Attorney General Marty Jackley continues to signal to Congresswoman Kristi Noem that she’d better not try running against him on crime. Our A.G. offers this relatively positive summary of the newly released Crime in South Dakota 2016 report:
The crime statistics reflect that, overall, South Dakota remains a safe place to live as a result of strong community involvement and law enforcement efforts. Many categories of crime, including murder, rape, and sexual offenses were down in 2016. However, the national drug epidemic continues to impact overall crime in South Dakota, with drug offense alone increasing 12.5% in 2016…. Law enforcement agencies are aggressively fighting crime in South Dakota…. Local, county and state agencies in our state have added over three hundred more certified officers since 2007, which has also resulted in more arrests to keep our neighborhoods and cities safe [Attorney General Marty Jackley, press release, 2017.03.20].
Serious offenses (“Group A”) increased 7.3%; lesser offenses (“Group B”) increased 5.3%.
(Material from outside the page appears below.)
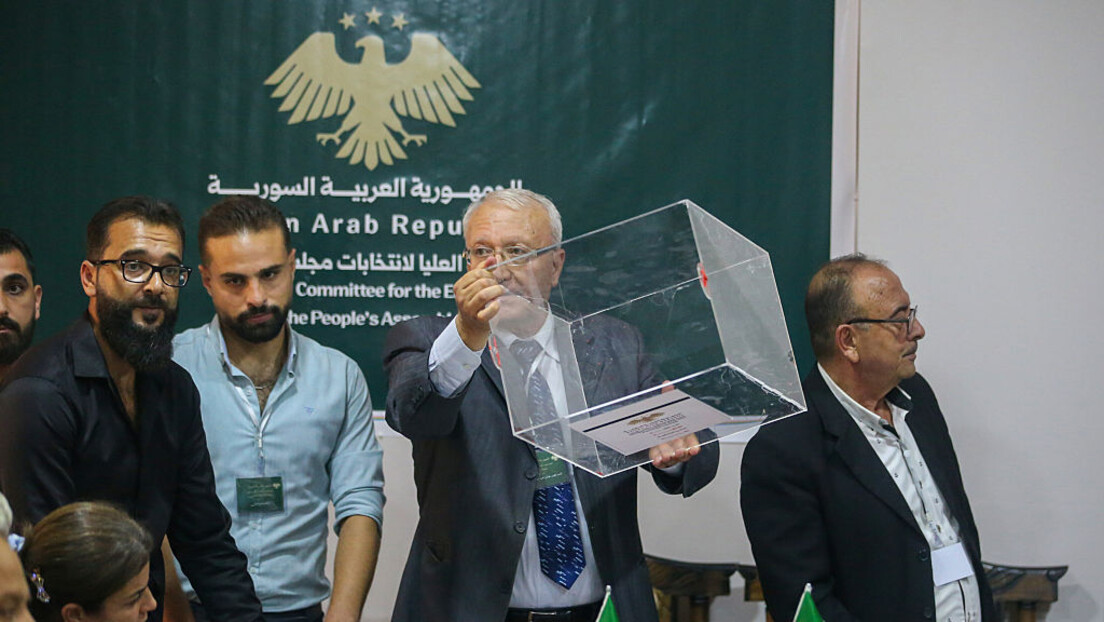 Síria contabiliza votos em primeira eleição após queda de Assad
The report says 37.8% of crimes occurred at homes or apartments and 22.5% happened on the road. 6.5% happened in parking lots and garages. 1.0% of crimes happened in government or public buildings. I can’t think of any crimes that happened in the Capitol, where legislators claim there is a pressing need for civilians to pack heat.
2.4 times as many men committed crimes as women. However, victims are split almost 50–50 between men and women.
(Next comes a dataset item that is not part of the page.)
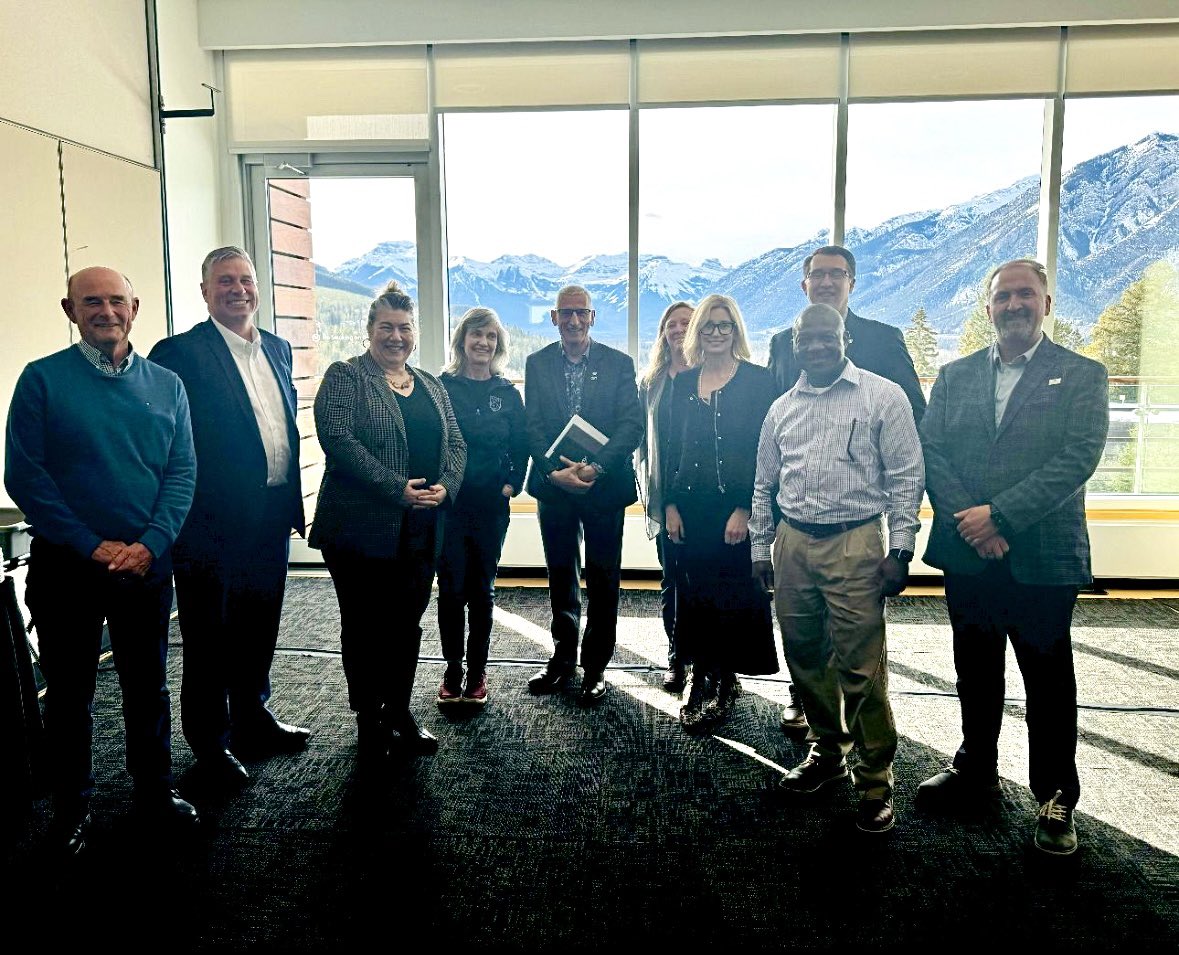 Carolyn Campbell tweet media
The report counts 21 “bias-motivated” crimes—i.e., hate crimes. Targeted by those crimes were five blacks, two Indians, one Latino, one multi-racial, two gays, one lesbian, two transgender, two gender nonconformists, three folks with mental disabilities, and two atheists/agnostics. (The foolish conclusion here would be that in 2016, atheist bloggers faced twice as much risk of facing a hate crime in South Dakota as Hispanics or lesbians.)
Only 36 crimes—0.07% of the 53,190 reported Group A offenses—involved gangs. 530 serious crimes involved use of a firearm; 523 involved use of a knife or other cutting incident (stats don’t break down offenses committed with broadswords or epees, alas).
Thieves swiped $23.7 million worth of property in 2016. Law enforcement recovered only 31% of those ill-gotten goods, worth $7.4 million. Maybe Kristi could campaign on the need to bring that percentage up… although the national rate of recovery for stolen property in 2015 was 26.1%, so Marty could argue he’s done a better job of bringing back the booty than cops elsewhere.